- [PROBLEM DESCRIPTION]:
Once you find the line containing "Arua Chaula Duba" in the data below, copy it and each following line exactly, up to and including the line containing "SLC25A25 Antibody", and nothing else.

Collected data:
━━━━━━━━━━━━━━━━━━━━━━━━━━━━━━
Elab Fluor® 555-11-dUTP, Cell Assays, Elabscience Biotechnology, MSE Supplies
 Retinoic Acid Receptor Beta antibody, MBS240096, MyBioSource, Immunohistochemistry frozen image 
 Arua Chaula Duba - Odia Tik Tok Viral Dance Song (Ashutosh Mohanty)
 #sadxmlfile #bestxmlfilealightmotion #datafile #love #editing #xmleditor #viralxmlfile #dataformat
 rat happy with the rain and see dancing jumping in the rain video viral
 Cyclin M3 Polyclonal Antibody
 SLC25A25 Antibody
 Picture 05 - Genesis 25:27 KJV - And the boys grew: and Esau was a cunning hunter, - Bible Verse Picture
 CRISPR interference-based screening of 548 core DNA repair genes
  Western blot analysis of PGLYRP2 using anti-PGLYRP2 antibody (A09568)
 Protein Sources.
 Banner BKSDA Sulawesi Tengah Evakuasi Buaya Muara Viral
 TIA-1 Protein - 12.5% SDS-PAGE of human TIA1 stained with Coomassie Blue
━━━━━━━━━━━━━━━━━━━━━━━━━━━━━━
- [EXERCISE ANSWER]:
 Arua Chaula Duba - Odia Tik Tok Viral Dance Song (Ashutosh Mohanty)
 #sadxmlfile #bestxmlfilealightmotion #datafile #love #editing #xmleditor #viralxmlfile #dataformat
 rat happy with the rain and see dancing jumping in the rain video viral
 Cyclin M3 Polyclonal Antibody
 SLC25A25 Antibody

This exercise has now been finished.